Some are starting out, some are moving back to the region
Clients for the family offices in the region are both HNWIs and their families that are new to the concept of the family office but which have sufficient wealth to merit working through an MFO, and also other Middle Eastern families that have been working through offshore MFOs but which are happy to move some or all of their assets or structures back to the region.
Remember – every situation is unique
There is no one-size-fits-all for the family office space, as every family has different situations, needs and expectations. All services must be tailored to them, with providers making sure they fully understand the remit required.
Building the capital – from all aspects
The rise of the family office is not solely driven by financial capital preservation and management. It is also about family social capital, family governance and family values, all of which are vital to the longevity of the family’s wealth and its integrity.
The inter-generational wealth shift is playing a major part
The growth of the family office market growth can be seen in the context of the massive inter-generational wealth transfer taking place globally, and also most certainly in the GCC and wide Muslim countries. Structures for holding, preserving, growing and later transferring wealth are therefore ever more essential.

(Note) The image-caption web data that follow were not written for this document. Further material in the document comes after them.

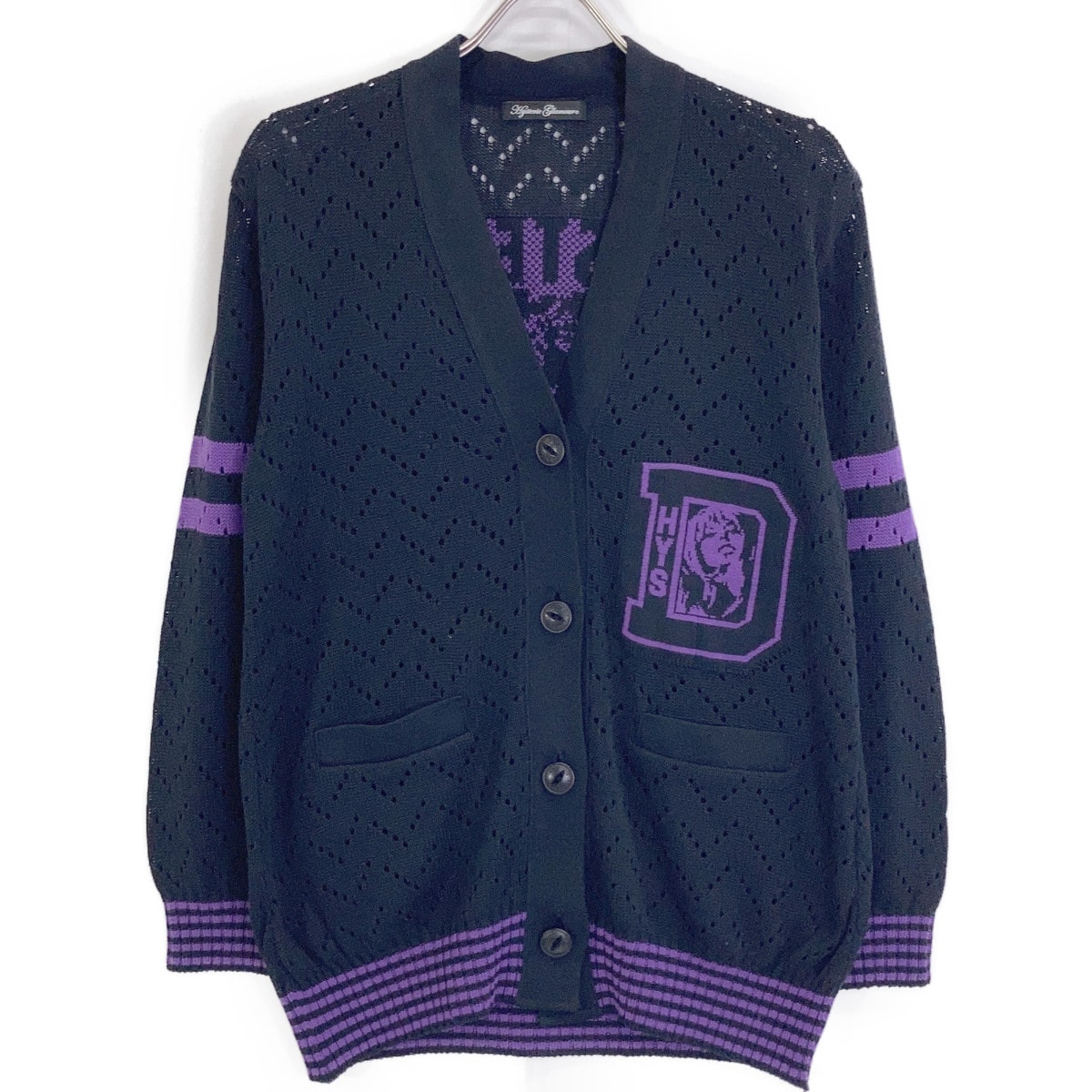 ヒステリックグラマー 01203ND01 ブラックパープル LADY LAND ACADEMY編込 カーディガン FREE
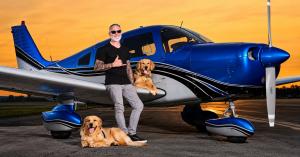 Philadelphia-area pilot and social media creator Ed Foley with his dogs Benny & Marshall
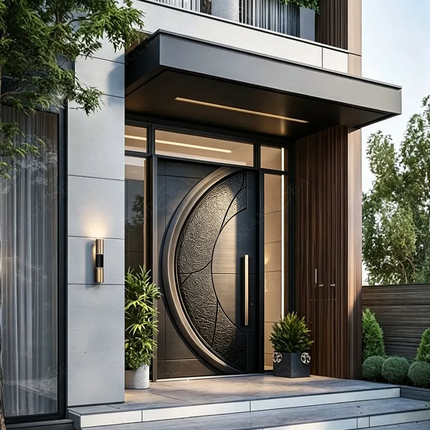 Luxury Hight-End American Modern Exterior Stainless Steel Front Entrance Door 3D Brown Solid Wood Entry Pivot Door For Houses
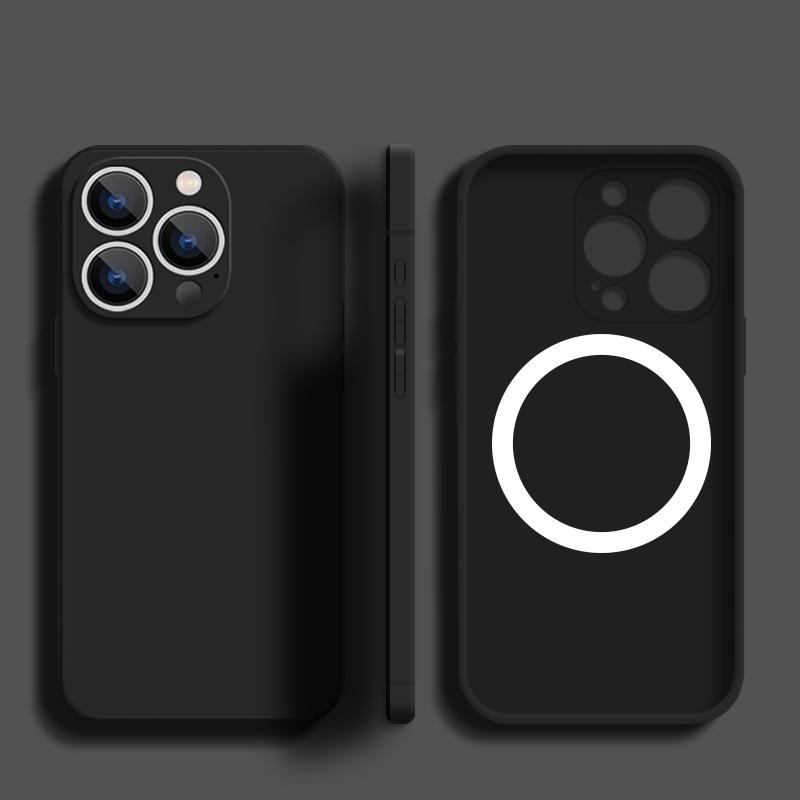 

Мягкий чехол с беспроводной зарядкой для Iphone 15 14 13 12 Pro Max 11 противоударный сплошной цвет из ТПУ с ремешком для защиты объектива чехол для телефона iPhone 15 чёрный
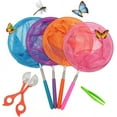 thumbnail image 1 of Qucyy 4 Packs Filet Télescopique pour Papillon avec Attrape-Papillon Gratuit et Pinces à Papillon, Parfait pour Attraper les Insectes Petits Poissons, Extensible jusqu'à 34 Pouces, 1 of 5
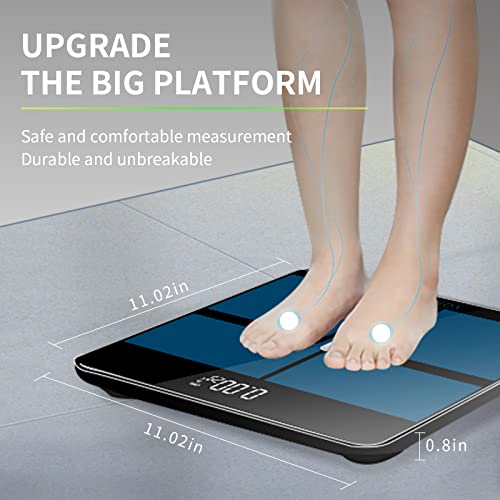 Bathroom Scale For Body Weight, Yoncon Digital Weight Scale Upgrade Tempered Glass, Led Display, Large Platform, Round Design, Temperature Detection, For Yoga, Fat Loss Etc, High Accuracy 0.1Lb/440Lb #TOP2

Keep the lines of communication open
The issues wealthy families face are not new, even if each family’s situation is unique. The vital element for all families and the wealth management experts who service their needs is to build and retain the most open and positive communication possible.
The Discussion
The highly timely and topical discussion began with an expert observing that the Dubai government and the Dubai International Financial Centre (DIFC) had been working energetically and with purpose to encourage and to develop the wealth management community. He noted that from a planning perspective, and from an economic substance viewpoint, residency in Dubai is as competitive, if not more so, than many other jurisdictions today.
“When you compare Singapore to UAE, we now have almost all the possible sophisticated options for structures available, but at the same time, we still need to catch up further. So for example Singapore has the new variable capital company option, and setting up a unit trust there is rather a long and expensive proposition. Residency is certainly much easier here than in Singapore, so creating substance here is easier. There are some solid advantages that the UAE has today.”
Another panellist highlighted how within the region there is also plenty of competition to be the best international financial centre, as well as to be competitive with other centres around the world. “And this combined with relative ease of residence here is greatly helping the UAE position itself as a hub for family offices. However, the geopolitical situation of the region will always have an influence, although relative to some of the other countries in the region, for example Lebanon, it is more appealing, and Dubai, for example, is a great base for overseeing business and other interests in the region, rather than going further afield.”
Drivers for growth
A panellist put his finger on the drivers for the growth of the family office space in the region. Aside from the rapid expansion of private wealth, there is a great need for formalisation of family wealth, for preservation and for succession planning, with principals/founders/patriarchs often needing to be dragged into this partly by the younger generations, or truly recognising those needs. And there is the need in the region for deleveraging, where many families have long-term assets, but suffer from short-term illiquidity pressures.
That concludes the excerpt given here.